E na abertura do processo, o quanto a eleição pesou?
Minha visão é que pênalti é pênalti, seja aos cinco minutos do primeiro tempo ou aos 48 minutos do segundo. O processo questiona despesas empenhadas em junho. Não abrir processo em razão da proximidade com as eleições passaria a mensagem de que, nos últimos meses de mandato, pode tudo. E outra: o Ministério Público de Contas acolheu um pedido de investigação sobre essas publicidades. Também pediu ao Tribunal de Contas do Estado que suspendesse a propaganda. Essas instituições também têm candidato a prefeito?
Na sua visão, quais são as chances de o impeachment ser barrado pela Justiça?
O prefeito pode tentar retardar, como já está tentando (ao pedir mais tempo para apresentar sua defesa, no dia 21). Pode conseguir anular etapa, pedir testemunhas de fora para criar empecilhos, chamar ex-presidentes... Mas tudo isso é chicana para ganhar tempo e tentar extrapolar o prazo final de 90 dias. Um dia, ele vai ser julgado.

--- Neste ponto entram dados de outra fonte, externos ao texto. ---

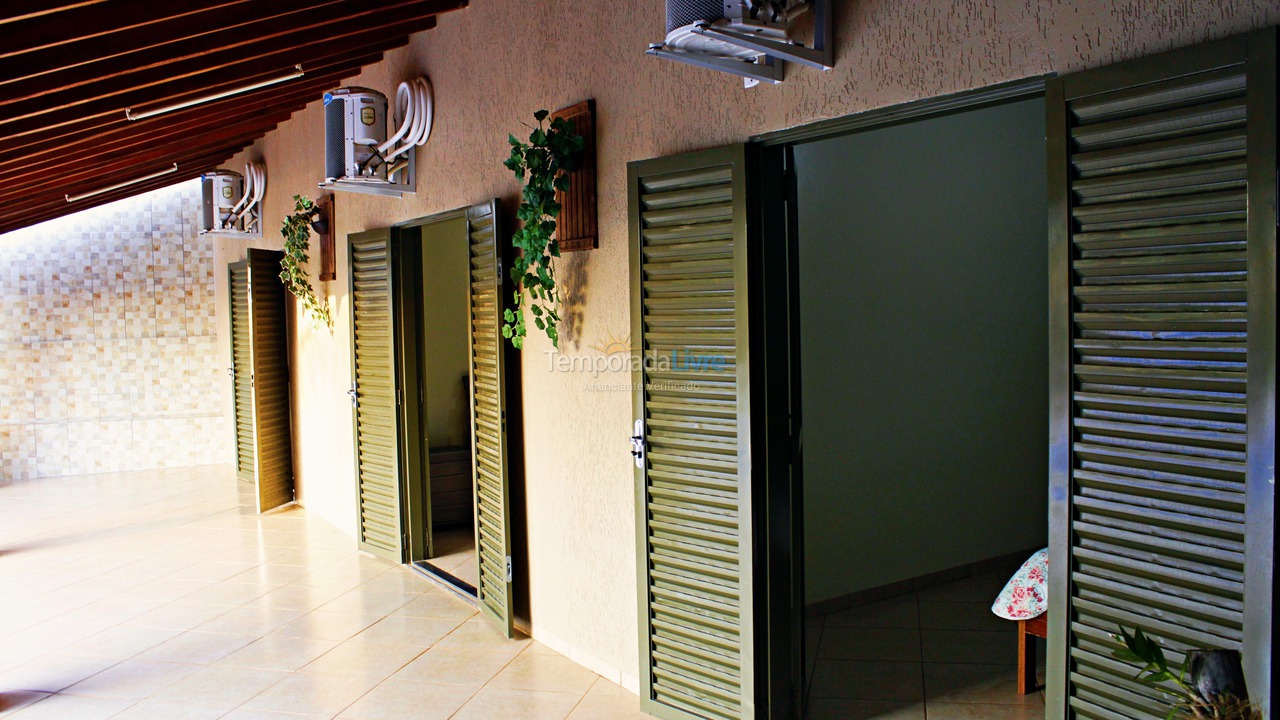 Casa para alquiler de vacaciones em Olímpia (Thermas Dos Laranjais)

Perguntei isso ao prefeito e pergunto, agora, ao senhor: caso o prefeito não seja impedido e venha a se reeleger, é possível ter governabilidade depois de uma ruptura desse nível? É possível reconstruir essa ponte?
Não sei responder essa pergunta porque é palpite. Mas acho difícil que Marchezan consiga construir ponte com quaisquer que sejam os vereadores, porque ele não respeita o parlamento em si. A base do governo só conhecia os projetos do Executivo depois de protocolados. Mesmo um vereador da base, para falar com um secretário responsável por um tema específico, precisava de autorização de outro. Marchezan tentou transformar a Câmara em um órgão de chancelaria: só pode dizer sim ou não, não pode mexer nos projetos. Construir, fazer emenda, nunca. O único projeto que o prefeito despendeu energia em aprovar foi o IPTU. O resto ele tocou na Câmara em regime de urgência e disse “votem aí”.